Dr. Maria Cristina Ignacio-Alberto, pediatrician and member of the PFV shared that the DOH and private sectors are creating ways to innovate the vaccination process such as holding drive-through vaccinations in modified parking lots.
Dr. Tayag informed that Thursdays and Fridays of the last week of the month are now dedicated to catch-up vaccinations, according to an advisory from the DOH.
Experts Entreat Public to Listen and Prioritize Immunization
“Long life for all.” Dr. Tayag reiterated this year’s World Immunization Week theme, and reminded everyone that vaccines are not only for children but also for those who are most vulnerable like seniors and pregnant women.
“Ang bakuna po ay nakakapagligtas ng buhay. Sana po ay lahat ay pumunta sa ating mga doctor at mga health center para po makapagpabakuna tayong lahat.” Dr. Ignacio-Alberto averred.
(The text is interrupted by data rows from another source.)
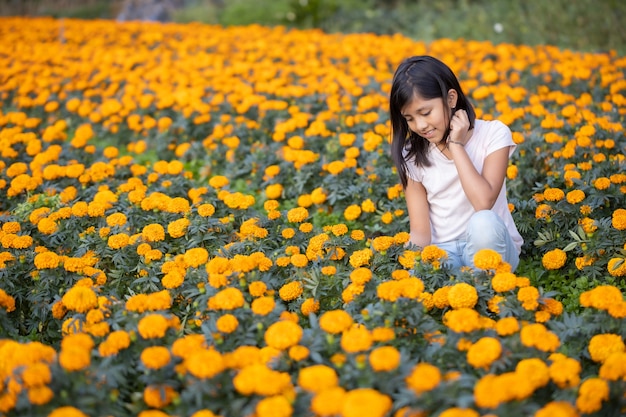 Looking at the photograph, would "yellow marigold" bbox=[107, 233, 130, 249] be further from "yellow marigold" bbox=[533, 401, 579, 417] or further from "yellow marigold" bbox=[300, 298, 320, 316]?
"yellow marigold" bbox=[533, 401, 579, 417]

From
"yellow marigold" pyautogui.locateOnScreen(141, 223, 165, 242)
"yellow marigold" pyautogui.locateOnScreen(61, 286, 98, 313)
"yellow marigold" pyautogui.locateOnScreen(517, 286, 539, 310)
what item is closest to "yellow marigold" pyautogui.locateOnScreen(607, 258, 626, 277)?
"yellow marigold" pyautogui.locateOnScreen(517, 286, 539, 310)

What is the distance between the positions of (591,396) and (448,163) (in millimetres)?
1467

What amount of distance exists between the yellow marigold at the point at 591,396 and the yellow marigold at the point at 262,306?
1054mm

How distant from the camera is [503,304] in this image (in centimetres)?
228

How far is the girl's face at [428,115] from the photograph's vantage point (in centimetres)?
268

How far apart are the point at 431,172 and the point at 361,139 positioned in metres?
1.32

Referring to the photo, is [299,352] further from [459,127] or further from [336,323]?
[459,127]

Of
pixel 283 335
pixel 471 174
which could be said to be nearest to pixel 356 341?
pixel 283 335

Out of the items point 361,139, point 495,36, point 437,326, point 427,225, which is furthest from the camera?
point 495,36

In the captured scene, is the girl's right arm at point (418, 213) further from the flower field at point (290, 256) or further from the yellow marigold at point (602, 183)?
the yellow marigold at point (602, 183)

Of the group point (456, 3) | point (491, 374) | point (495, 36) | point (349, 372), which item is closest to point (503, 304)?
point (491, 374)

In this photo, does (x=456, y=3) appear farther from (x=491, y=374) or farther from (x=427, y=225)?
(x=491, y=374)

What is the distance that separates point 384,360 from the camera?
1.82 metres

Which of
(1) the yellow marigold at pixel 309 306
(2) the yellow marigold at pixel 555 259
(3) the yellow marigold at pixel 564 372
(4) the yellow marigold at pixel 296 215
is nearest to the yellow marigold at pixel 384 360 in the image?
(3) the yellow marigold at pixel 564 372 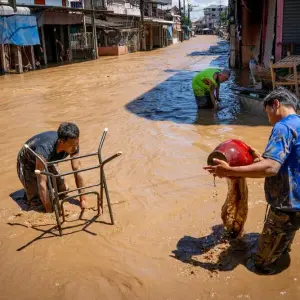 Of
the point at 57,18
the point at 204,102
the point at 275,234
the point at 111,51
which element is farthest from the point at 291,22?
the point at 111,51

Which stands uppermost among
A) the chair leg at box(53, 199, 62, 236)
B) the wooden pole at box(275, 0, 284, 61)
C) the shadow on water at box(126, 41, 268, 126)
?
the wooden pole at box(275, 0, 284, 61)

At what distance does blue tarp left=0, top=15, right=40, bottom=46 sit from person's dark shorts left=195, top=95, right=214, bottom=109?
42.2 feet

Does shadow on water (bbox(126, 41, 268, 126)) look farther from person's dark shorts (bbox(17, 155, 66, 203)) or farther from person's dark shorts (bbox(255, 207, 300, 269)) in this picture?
person's dark shorts (bbox(255, 207, 300, 269))

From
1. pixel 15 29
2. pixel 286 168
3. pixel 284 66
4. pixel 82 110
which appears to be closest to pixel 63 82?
pixel 15 29

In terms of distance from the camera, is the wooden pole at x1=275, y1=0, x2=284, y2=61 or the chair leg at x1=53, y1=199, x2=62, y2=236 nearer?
the chair leg at x1=53, y1=199, x2=62, y2=236

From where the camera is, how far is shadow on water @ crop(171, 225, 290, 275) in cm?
337

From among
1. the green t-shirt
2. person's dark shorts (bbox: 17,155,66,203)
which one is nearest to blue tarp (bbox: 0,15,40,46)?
the green t-shirt

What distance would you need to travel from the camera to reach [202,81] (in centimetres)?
877

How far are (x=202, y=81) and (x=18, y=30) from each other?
43.9 feet

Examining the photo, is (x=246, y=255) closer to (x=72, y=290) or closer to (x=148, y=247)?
(x=148, y=247)

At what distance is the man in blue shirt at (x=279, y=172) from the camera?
8.56ft

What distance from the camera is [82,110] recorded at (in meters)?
10.4

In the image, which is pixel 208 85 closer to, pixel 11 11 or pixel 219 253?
pixel 219 253

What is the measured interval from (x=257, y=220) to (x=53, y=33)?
25663mm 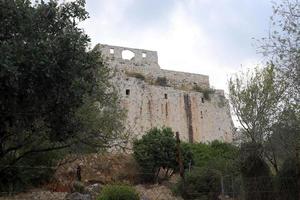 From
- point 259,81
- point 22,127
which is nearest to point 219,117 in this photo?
point 259,81

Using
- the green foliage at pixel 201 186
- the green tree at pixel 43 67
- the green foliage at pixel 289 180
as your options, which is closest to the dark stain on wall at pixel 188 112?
the green foliage at pixel 201 186

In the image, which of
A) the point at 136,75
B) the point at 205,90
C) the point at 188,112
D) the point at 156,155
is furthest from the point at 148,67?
the point at 156,155

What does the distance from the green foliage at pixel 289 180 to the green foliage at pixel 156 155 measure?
343 inches

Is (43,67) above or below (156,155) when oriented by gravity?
above

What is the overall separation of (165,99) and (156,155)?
13469mm

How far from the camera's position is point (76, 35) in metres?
8.70

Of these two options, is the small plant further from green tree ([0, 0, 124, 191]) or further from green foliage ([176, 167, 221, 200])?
green tree ([0, 0, 124, 191])

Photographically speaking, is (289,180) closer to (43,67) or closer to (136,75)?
(43,67)

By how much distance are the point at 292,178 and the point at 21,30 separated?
28.0 feet

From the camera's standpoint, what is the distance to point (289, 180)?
13328 millimetres

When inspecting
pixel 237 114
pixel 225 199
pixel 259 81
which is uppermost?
pixel 259 81

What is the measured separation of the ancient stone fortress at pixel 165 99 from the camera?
33.7 metres

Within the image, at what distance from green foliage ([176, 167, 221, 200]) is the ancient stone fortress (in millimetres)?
15683

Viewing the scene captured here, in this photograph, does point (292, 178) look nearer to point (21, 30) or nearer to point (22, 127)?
point (22, 127)
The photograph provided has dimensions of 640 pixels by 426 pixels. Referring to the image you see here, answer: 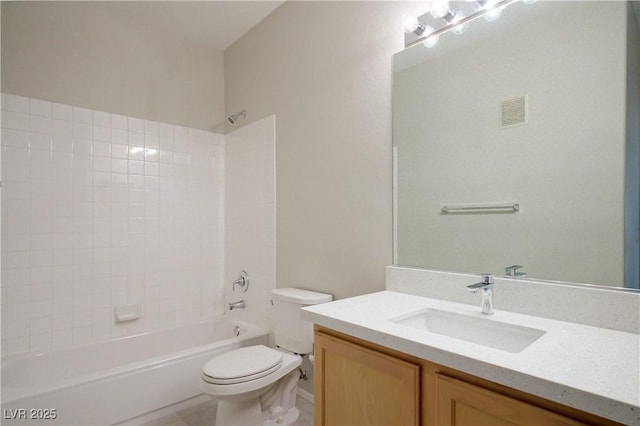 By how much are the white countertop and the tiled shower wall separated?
1.81 m

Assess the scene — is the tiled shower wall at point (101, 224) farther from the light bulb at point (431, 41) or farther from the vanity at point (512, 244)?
the light bulb at point (431, 41)

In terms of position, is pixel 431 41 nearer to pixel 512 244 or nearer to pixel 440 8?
pixel 440 8

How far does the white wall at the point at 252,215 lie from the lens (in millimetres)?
2439

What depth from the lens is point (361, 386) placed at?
1.06 metres

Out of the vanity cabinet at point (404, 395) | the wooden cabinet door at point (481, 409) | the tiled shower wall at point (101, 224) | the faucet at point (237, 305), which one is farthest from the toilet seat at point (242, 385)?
the tiled shower wall at point (101, 224)

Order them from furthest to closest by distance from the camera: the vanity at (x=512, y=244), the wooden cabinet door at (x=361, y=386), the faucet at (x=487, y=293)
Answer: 1. the faucet at (x=487, y=293)
2. the wooden cabinet door at (x=361, y=386)
3. the vanity at (x=512, y=244)

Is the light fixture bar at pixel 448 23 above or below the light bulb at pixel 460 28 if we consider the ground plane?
above

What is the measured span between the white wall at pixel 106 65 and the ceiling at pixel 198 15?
0.23 ft

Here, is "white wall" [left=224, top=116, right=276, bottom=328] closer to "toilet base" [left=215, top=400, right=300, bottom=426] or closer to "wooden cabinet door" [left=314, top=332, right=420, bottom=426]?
"toilet base" [left=215, top=400, right=300, bottom=426]

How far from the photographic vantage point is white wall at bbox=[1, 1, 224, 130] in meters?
2.08

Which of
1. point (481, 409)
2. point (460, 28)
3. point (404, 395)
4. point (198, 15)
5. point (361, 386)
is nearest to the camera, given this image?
point (481, 409)

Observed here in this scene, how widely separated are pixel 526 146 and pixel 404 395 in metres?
0.96

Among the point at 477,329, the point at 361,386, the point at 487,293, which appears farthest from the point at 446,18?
the point at 361,386

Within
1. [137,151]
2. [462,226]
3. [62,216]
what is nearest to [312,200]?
[462,226] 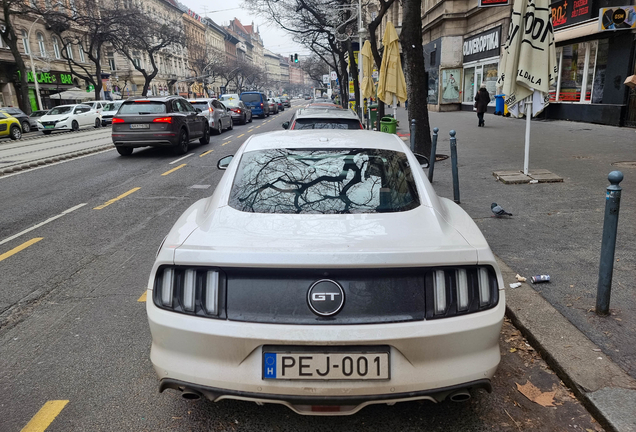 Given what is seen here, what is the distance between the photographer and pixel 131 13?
37125 mm

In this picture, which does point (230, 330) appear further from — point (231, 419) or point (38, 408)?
point (38, 408)

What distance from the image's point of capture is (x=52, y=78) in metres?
47.4

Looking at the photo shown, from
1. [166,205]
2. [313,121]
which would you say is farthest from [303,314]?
[313,121]

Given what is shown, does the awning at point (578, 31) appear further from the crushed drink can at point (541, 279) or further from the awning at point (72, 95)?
the awning at point (72, 95)

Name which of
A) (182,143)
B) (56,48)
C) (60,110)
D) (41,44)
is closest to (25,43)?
(41,44)

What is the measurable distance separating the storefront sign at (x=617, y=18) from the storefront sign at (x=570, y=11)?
60.4 inches

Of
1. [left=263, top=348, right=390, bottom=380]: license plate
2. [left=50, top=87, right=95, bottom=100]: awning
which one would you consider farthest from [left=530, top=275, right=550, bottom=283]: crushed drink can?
[left=50, top=87, right=95, bottom=100]: awning

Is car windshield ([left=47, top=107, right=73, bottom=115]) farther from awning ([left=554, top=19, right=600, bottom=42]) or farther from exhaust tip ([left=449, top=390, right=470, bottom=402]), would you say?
exhaust tip ([left=449, top=390, right=470, bottom=402])

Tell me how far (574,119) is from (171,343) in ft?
68.1

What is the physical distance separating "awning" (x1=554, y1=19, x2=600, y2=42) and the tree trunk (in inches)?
339

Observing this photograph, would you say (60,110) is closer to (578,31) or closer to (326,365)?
(578,31)

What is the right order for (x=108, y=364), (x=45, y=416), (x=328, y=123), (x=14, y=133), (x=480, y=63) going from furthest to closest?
1. (x=480, y=63)
2. (x=14, y=133)
3. (x=328, y=123)
4. (x=108, y=364)
5. (x=45, y=416)

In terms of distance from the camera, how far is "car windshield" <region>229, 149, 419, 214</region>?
283cm

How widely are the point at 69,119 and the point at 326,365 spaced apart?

“‘Pag mahal natin ang ating mga anak, gusto natin ay lumaki sila ng malusog, masaya, at walang sakit. Ang pagbabakuna ay ang pinakamabisang paraan para maiwasan ang mga nakamamatay na sakit.” said Dr. Silva. “Ang Department of Health ay nagbibigay ng libreng bakuna para sa ating mga anak na may edad 5 taon pababa [para sa catch-up immunization] Pero sa routine immunization, ang gusto natin ay tamang bakuna sa takdang oras. ”
“Ang Philippine Medical Association po ay binubuo ng mahigit 100,000 na mga doctor, kabilang po diyan ang ating mga eksperto sa bakuna. Sana po tayo ay maniwala sa ating mga eksperto. Ang PMA po ay nakikiisa sa WHO (World Health Organization) at sa DOH para sa pagpapaliwanag ng tamang pagbabakuna.” Dr. Atienza reassured.
“Napakarami nating eksperto dito sa Pilipinas. Huwag po tayo maniwala sa mga nananakot. Magtanong po tayo sa mga eksperto. Marami po tayong organisasyong nagtutulong-tulong. Ituring nating mga bayani ang mga ito.” Dr. Bravo advised.
“Nandiyan na po lahat ng impormasyon na kailangan niyong malaman. Napakahirap po sa bawat isa sa amin na magbigay ng paliwanag. Hindi po matatapos sa isang oras lamang sapagkat ang kaalaman sa pagbabakuna ay patuloy po. Ang isa lang pong kaalaman na dapat manatili sa atin: vaccination saves lives.” Dr. Tayag concluded.